Berlin: Weniger Kinder gehen in die Kita – ist die sinkende Geburtenrate schuld?

In Berlin wurde kürzlich ein Rückgang der Kinderzahlen in den Kindertagesstätten (Kitas) festgestellt. Laut dem Landesamt für Statistik Berlin-Brandenburg besuchten am 1. März 2024 nur noch 169.449 Kinder Kitas, während es ein Jahr zuvor noch 171.686 waren. Dies stellt das erste Mal seit mehreren Jahren dar, dass die Anzahl der Kita-Kinder gesunken ist. Die Zahlen zeigen, dass im Jahr 2015 lediglich 146.583 Kinder in Berliner Kitas betreut wurden, was einen signifikanten Anstieg in den letzten Jahren verdeutlicht.

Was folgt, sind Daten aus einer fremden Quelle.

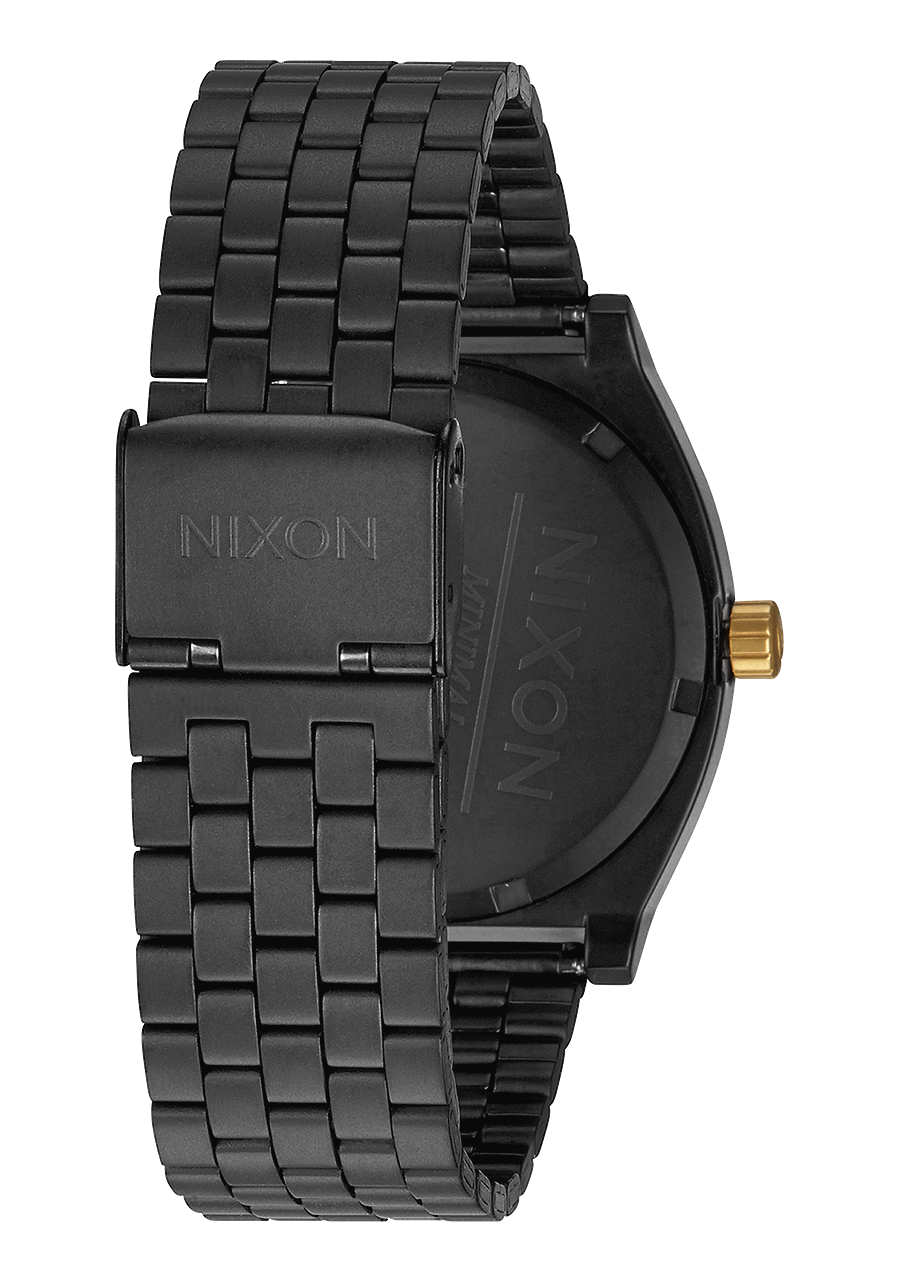 Time Teller Watch | Matte Black / Gold | Unisex – Nixon US Time Teller Watch | Matte Black / Gold | Unisex – Nixon US
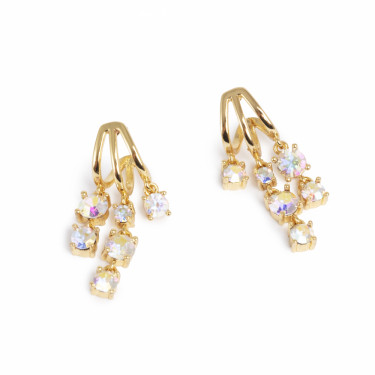 Butterflies Earrings Gold Tone Damli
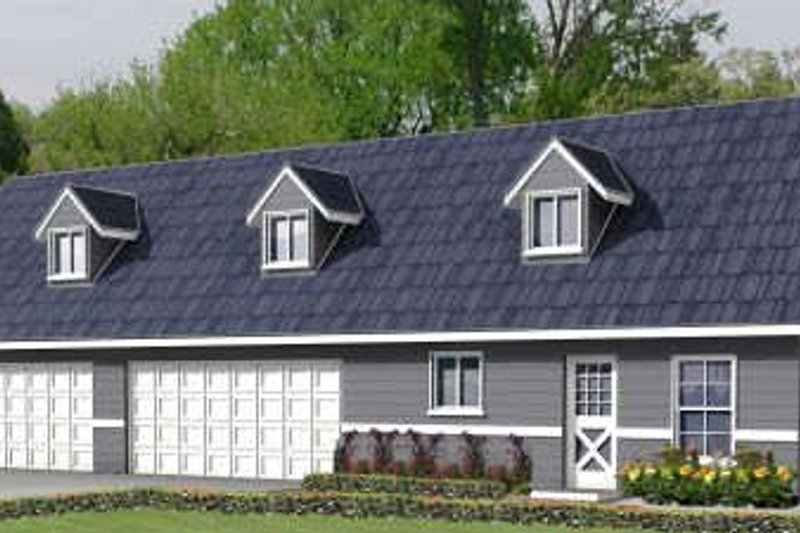 Country Style House Plan - 0 Beds 2 Baths 556 Sq/Ft Plan #1-117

Ein möglicher Grund für diesen Rückgang könnte die sinkende Geburtenrate in Berlin sein. Während im Jahr 2021 noch 39.168 Kinder lebend geboren wurden, sank diese Zahl bis 2023 auf lediglich 34.120. Diese Abnahme lässt sich in einen größeren Kontext einordnen, in dem nicht nur Berlin, sondern auch andere Regionen Deutschlands von einem Geburtenrückgang betroffen sind.

Ursachen für den Rückgang

Die Ursachen für die sinkende Geburtenrate sind vielschichtig. So hat das Bundesinstitut für Bevölkerungsforschung festgestellt, dass sich der Trend insgesamt in Deutschland zeigt. Die Geburtenrate ist von 1,57 Kindern pro Frau im Jahr 2021 auf nur 1,36 Kinder im Jahr 2023 gefallen und stellt den niedrigsten Wert seit 2009 dar. Diese Entwicklung wird durch verschiedene gesellschaftliche und wirtschaftliche Faktoren beeinflusst, die Paare dazu veranlassen, ihre Familienplanung zu überdenken.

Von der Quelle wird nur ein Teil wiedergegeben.